Best of Both Worlds podcast: Parenting highs and lows

Parenting is quite the roller coaster. There can be bliss and despair, sometimes in the same hour! In this episode of Best of Both Worlds, Sarah and I discuss some parenting highs and lows. Interestingly, many of the lows involve kid fits and hotel rooms. Did we mention that vacations with little kids are not relaxing? I think it’s come up a few times 🙂

We talk about what we’ve learned from and admire about our kids. Yep, all eight of them! To me, one of the most fascinating parts of parenthood is seeing kids grow up to be very much their own people. They are different from their parents, which is often a good thing.

Please give the episode a listen!
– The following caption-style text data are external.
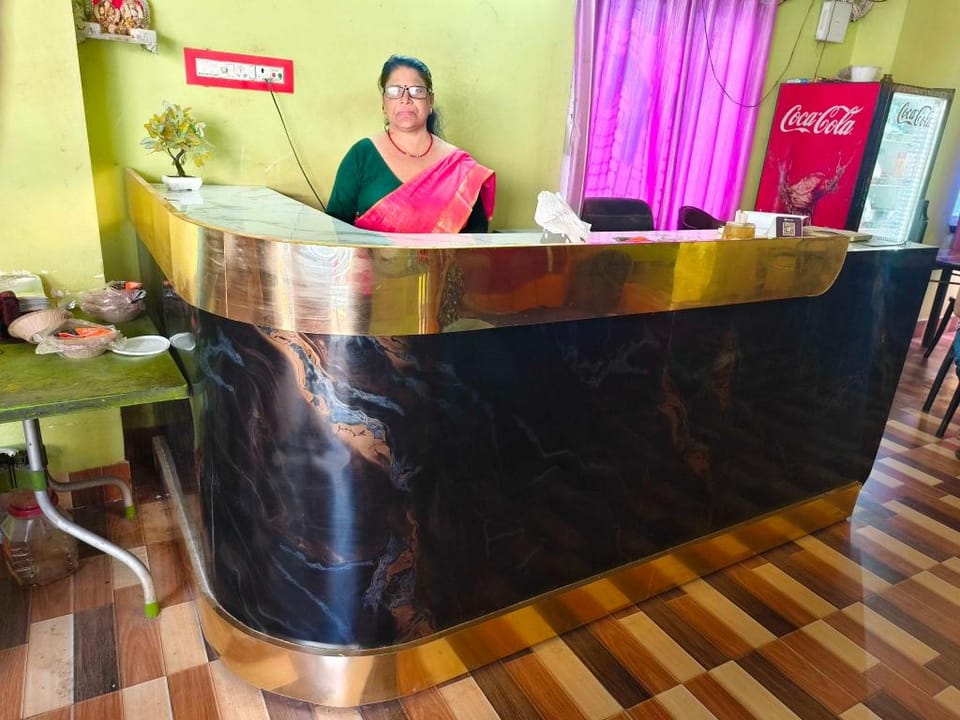 SPOT ON by OYO Park Hotel And Restaurant Hotel in West Bengal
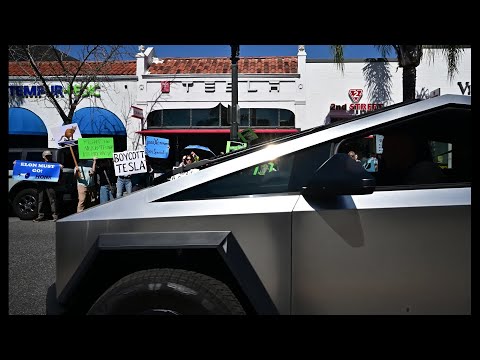 Trump Says He’ll Buy a Tesla to Help Musk Trump Says He’ll Buy a Tesla to Help Musk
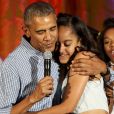 Barack Obama serrant dans ses bras sa fille Malia pour l'anniversaire de la jeune femme lors d'une fête célébrée à la Maison Blanche à Washington le 4 juillet 2016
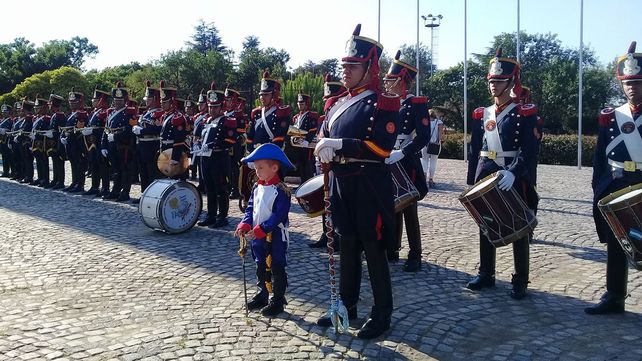 Conocé al granaderito santafesino, fan de San Martín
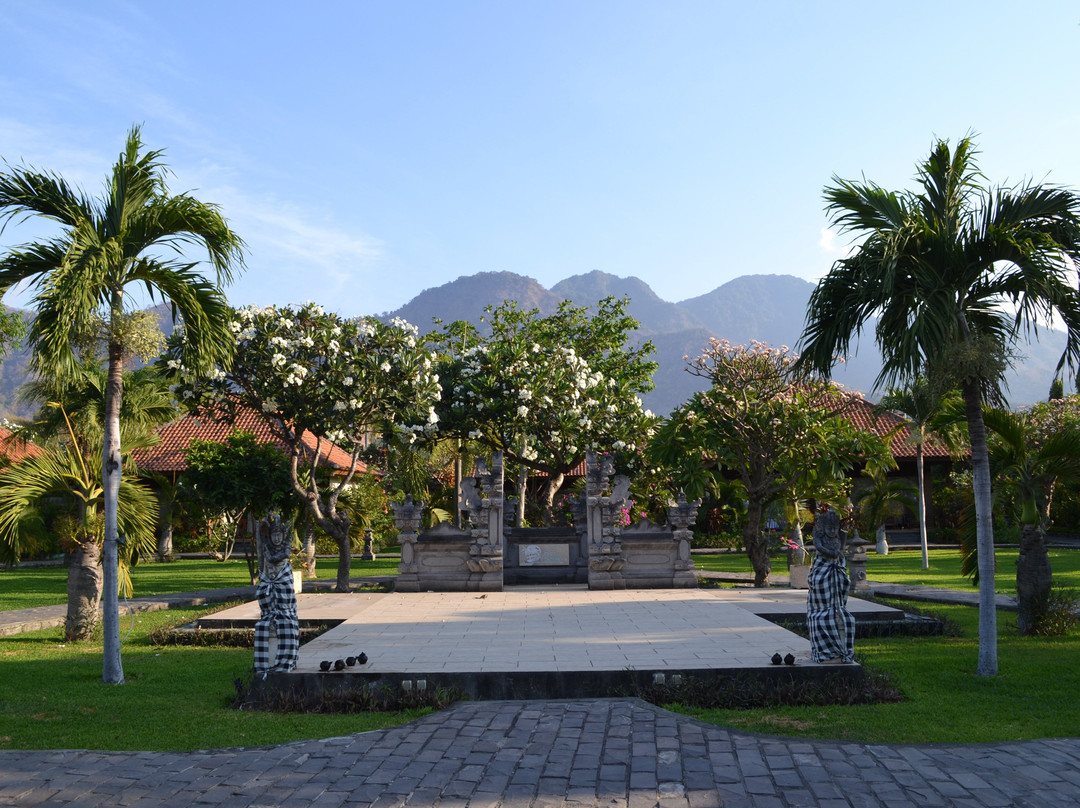 阿迪阿斯里海滩小屋主图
As always, we appreciate a rating/review wherever you get your podcasts.

6 thoughts on “Best of Both Worlds podcast: Parenting highs and lows

  1. @Laura: Your hotel experience (someone calling you into the front desk for having a crying child) sounds terrible. Ditto with the beach-house. Ugh. I reckon neither of the complainants has had young children!

    I also have a “physically enthusiastic” 6-year-old and it is nerve-wracking to watch him interact as he is a bit of a wild card. He just loses control of his emotions and often uses his hands to “communicate.” Listening to your struggles was reassuring. (Oddly enough, he is by far the more cuddly and sensitive child in our family; yet the most physically volatile).

    1. @Elisabeth – it is nerve-wracking!! He can be so sweet and sensitive (I have a lovely card on my desk from him right now) but yes, he is apt to get in little altercations. The families who know us are usually fine (or assume their own kids were also instigating) but when it’s people we don’t know it’s just a lot…harder.

      I have vague memories of my now-11-year-old kicking random people when he was younger, and clearly he no longer does that so I assume it is a phase…

  2. Listening now to the low points and I’m struck by the comments about the kids who are always physical, or for whom teachers are calling you about behavioral issues. I dealt with this early on. After years of early intervention, therapy, and other treatments, two neuropsych tests diagnosed anxiety at age 3 and ADHD at 6. With targeted medications, my now 14 year old is doing worlds better than he did in those early years and has the self knowledge to understand what’s behind his behavior. Is it possible there’s an undiagnosed behavioral or neurological thing going on?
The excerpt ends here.